Document Classification For The Real World: An Executive Interview With ReadSoft President Bob Fresneda
Written by Brian Sherman
Document automation has been through a rather quiet revolution over the last few years as innovative technologies have displaced straight structured forms processing in many organizations. Capturing semi-structured and unstructured documents and integrating them into an automated process is now possible, with real results for companies employing this software. The labor saved by reducing human intervention in forms processing, even if it only eliminates one computer keystroke or supervisor's review, could quickly repay the cost of the implementation.

Several vertical markets, including banking, finance, and healthcare, have been quick to adopt semi-structured and unstructured document processing. How have end users and resellers benefited from what software supplier ReadSoft coined as "Document Automation"? Bob Fresneda, president of the New Orleans-based company, provided some clear examples and insight into the benefits of software integrations with ERP (enterprise resource planning) applications. He also provided an update on how the organization and its employees coped with Hurricane Katrina and how proper planning helped ReadSoft overcome some serious business continuity obstacles.
Bob, how has document classification developed and what are some specific issues end users face with documents and internal processes?
As the hot topic changed from structured to semi-structured documents and then to unstructured documents, end users were able to assess the applications that made the most sense for their particular business. VARs (value-added resellers) explored technologies they could develop and implement to solve their customers' specific needs and still make a reasonable profit.

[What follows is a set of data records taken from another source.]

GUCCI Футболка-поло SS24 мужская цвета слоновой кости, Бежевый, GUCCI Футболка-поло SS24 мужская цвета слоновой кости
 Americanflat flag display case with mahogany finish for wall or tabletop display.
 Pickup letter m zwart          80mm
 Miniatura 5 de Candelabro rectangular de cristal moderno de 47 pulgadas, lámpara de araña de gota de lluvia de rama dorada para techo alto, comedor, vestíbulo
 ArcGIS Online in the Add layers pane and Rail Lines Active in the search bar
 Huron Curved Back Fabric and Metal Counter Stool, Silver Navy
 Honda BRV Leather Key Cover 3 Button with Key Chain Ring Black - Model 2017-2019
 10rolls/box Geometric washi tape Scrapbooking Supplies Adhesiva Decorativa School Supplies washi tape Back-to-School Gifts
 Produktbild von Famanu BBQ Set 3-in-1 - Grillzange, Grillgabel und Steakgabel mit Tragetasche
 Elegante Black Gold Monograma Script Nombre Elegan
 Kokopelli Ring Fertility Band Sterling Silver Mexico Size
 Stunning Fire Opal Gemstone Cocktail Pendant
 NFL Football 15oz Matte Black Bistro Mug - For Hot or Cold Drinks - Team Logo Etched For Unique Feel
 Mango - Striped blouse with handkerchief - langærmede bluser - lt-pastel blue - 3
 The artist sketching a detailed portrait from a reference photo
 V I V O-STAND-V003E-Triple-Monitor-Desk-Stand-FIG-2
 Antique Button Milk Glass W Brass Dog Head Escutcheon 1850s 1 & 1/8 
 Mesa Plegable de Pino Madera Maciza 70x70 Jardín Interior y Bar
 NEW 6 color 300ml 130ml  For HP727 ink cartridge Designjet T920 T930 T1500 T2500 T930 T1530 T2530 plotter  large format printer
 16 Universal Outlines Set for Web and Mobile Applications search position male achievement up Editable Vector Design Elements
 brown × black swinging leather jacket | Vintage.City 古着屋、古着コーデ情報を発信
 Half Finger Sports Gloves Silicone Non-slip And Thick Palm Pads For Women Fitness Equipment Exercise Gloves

That's how the accounts payable market evolved, with the technology transitioning from structured documents to semi-structured documents. Customers using semi-structured forms, such as bills of lading or other accounts payable-type forms, recognized that classifying these documents early in the document automation process would minimize manual sorting. For example, in an accounts payable department, an invoice with a PO (purchase order) is handled in a different way than an invoice without one. Various employees may process certain types of invoices for the accounts payable department that, when that document has a purchase order assigned to it, may have to be validated in an ERP system by someone else. In SAP systems, a materials management module stores all the purchase orders, and employees may have to validate whether or not this invoice matches all of the items that were issued on the original purchase order. Other companies apply document classification technology by categorizing an invoice based off key word logic (based off the text inside of an invoice), which may determine whether or not an invoice is PO-based.
How do the classification engines work and how does ReadSoft's technology compare to its competitors?
The classification programming is accomplished through the use of meta-tagging and key word searches on the document itself. This programming not only captures the data, but also classifies and routes that particular invoice to the right person. We have our own character recognition technologies and our own document recognition technologies, as well as our own forms classification products, unlike other classification vendors.
Where is document automation being employed within end user companies?
One use is within accounts payable departments. Companies used to manually sort the PO-based invoices from the non-PO-based invoices, scan them in, and a program would send them to the appropriate clerk who handled that particular type of invoice. Manual sorting of the invoices was required, but now all invoices can be input in one batch without sorting them. The system automatically sorts and routes each invoice to the appropriate data entry operator in the accounts payable department.
What are some other real-world examples of document automation?
Processing claims in an insurance department predominantly when they are received is another area where classification is being rapidly adopted. For example, when processing an insurance claim, document classification technology can classify the type of document that is in that form. Is it an actual claim, an associated document, or a file with appendices or pictures attached to it? You can classify each type of form and create a folder based on all the information in that specific claim. Many large insurance companies are paying out a significant amount of compensation for the damage caused by the numerous hurricanes that hit the United States in the past year. Document automation streamlines this process, which provides quicker processing, reduced labor costs, and improved customer satisfaction.
How does classification relate to the routing of each document?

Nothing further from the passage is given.